ガザという、イスラエルが一方的に(今回の報道では “一方的” のオンパレードだ)作った、いわゆる「天井のない監獄」を、(日本も含む)世界が容認してきたことに本質的な問題があることは誰の目にも明らか。そこに生まれた子どもは、生まれた瞬間から終身刑を言い渡されたようなもの。イスラエルが勝手に作った壁の向こうへ一歩も出られないまま、一生をそこで終わらざるを得ない。
あまりに理不尽、とも見える。その状況を、国際社会は見て見ぬふりをし続けてきた。世界の「人権」管理者であるかのようにふるまうアメリカが、それを容認するのもダブルスタンダードと言わざるを得ない。中国の人権侵害を非難するアメリカだが、アメリカ自身の人権問題には眼をつぶったまま。

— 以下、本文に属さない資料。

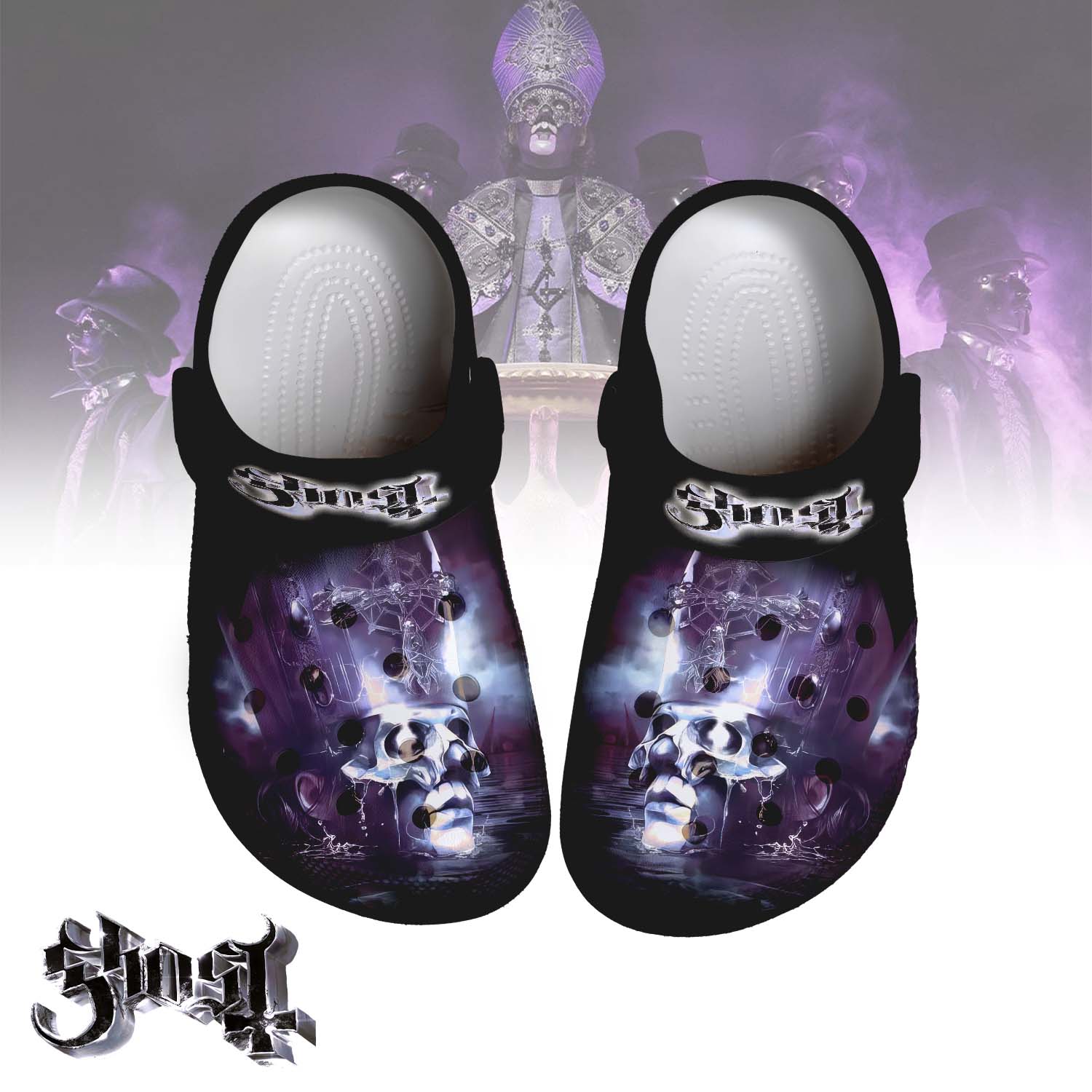 Gleammerch Ghost Band Crocs Crocband Clogs Shoes Comfortable For Men Women and Kids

殴った理由の大部分はたぶんそこから生まれてくる。実際にはガザの人々が攻撃したわけではなく、その不満を吸収したハマスによるものだが、鬱積した人々の憤りがハマスへの支持になっていることは報道の通りだと思う。自分がガザに生まれていたら、と想像すれば「報復の権利」の前に「殴る権利」もありそうな気がしてくる。
戦争の原因は複合的だ。どれか一つの理由だけでは始まらない。第一次世界大戦も「サラエボの一発」などと形容されるけれど、それは一本のマッチに過ぎない。マッチを擦ればすぐ火が点くような状況がすでにそこにできていたからで、その状況がなぜできたのかと、いくつもの「なぜ」を追いかけなくては、「2発目、3発目」を防ぐことはできない。
「人の命は大切」と言いながら、なぜ銃の引き金を引くのか、あるいは引かざるを得ないのか。本音とタテマエ。パワーゲームの前には、人の命など何の意味もないことを、まざまざと見せつけられている。